Why is gradient the direction of steepest ascent?

Question

$$f(x_1,x_2,...x_n):R^n \rightarrow R$$ The definition of the gradient is $$ \frac{\partial f}{\partial x_1}e_1 +\ ... +\frac{\partial f}{\partial x_n}e_n$$

which is a vector.

Reading this definition makes me consider that each component of the gradient corresponds to the rate of change with respect to my objective function if I go along with the direction $e_i$.

But I can't see why this vector (defined by the definition of gradient) has anything to do with the steepest descent.

Why do I get maximal value gain if I move along with the direction of gradient ?

Answer 1

Each component of the gradient tells you how fast your function is changing with respect to the standard basis. It's not too far-fetched then to wonder, how fast is this function changing with respect to some arbitrary direction? Letting $\vec v$ denote a unit vector, we can project along this direction in the natural way, namely $\text{grad}( f(a))\cdot \vec v$. This is one often-used definition of the directional derivative.

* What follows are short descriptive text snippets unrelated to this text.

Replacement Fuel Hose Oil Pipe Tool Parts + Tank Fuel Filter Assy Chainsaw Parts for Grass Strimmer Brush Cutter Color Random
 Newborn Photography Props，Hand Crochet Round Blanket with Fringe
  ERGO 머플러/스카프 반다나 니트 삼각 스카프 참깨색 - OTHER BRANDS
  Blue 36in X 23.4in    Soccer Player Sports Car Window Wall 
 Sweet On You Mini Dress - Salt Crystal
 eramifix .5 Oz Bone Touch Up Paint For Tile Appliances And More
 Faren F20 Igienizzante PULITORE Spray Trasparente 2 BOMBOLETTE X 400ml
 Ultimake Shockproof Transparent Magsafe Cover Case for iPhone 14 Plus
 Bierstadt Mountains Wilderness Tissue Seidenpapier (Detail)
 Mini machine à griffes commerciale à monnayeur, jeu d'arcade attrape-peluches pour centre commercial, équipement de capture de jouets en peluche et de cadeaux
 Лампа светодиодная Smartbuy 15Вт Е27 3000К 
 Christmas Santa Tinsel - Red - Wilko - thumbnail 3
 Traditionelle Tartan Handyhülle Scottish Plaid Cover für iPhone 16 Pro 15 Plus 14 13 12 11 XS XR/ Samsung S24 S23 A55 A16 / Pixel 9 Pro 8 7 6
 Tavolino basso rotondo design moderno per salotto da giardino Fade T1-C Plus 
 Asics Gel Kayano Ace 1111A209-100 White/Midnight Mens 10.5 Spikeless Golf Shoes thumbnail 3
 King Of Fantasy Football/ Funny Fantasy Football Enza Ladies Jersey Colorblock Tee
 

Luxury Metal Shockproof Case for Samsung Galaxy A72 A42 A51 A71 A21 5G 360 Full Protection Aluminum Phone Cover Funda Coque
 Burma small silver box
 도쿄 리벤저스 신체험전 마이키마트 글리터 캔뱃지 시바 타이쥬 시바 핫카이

We can then ask in what direction is this quantity maximal? You'll recall that $$\text{grad}( f(a))\cdot \vec v = |\text{grad}( f(a))|| \vec v|\text{cos}(\theta)$$

Since $\vec v$ is unit, we have $|\text{grad}( f)|\text{cos}(\theta)$, which is maximal when $\cos(\theta)=1$, in particular when $\vec v$ points in the same direction as $\text{grad}(f(a))$.

Answer 2

Consider a Taylor expansion of this function, $$f({\bf r}+{\bf\delta r})=f({\bf r})+(\nabla f)\cdot{\bf\delta r}+\ldots$$ The linear correction term $(\nabla f)\cdot{\bf\delta r}$ is maximized when ${\bf\delta r}$ is in the direction of $\nabla f$.

Answer 3

The question you're asking can be rephrased as "In which direction is the directional derivative $\nabla_{\hat{u}}f$ a maximum?".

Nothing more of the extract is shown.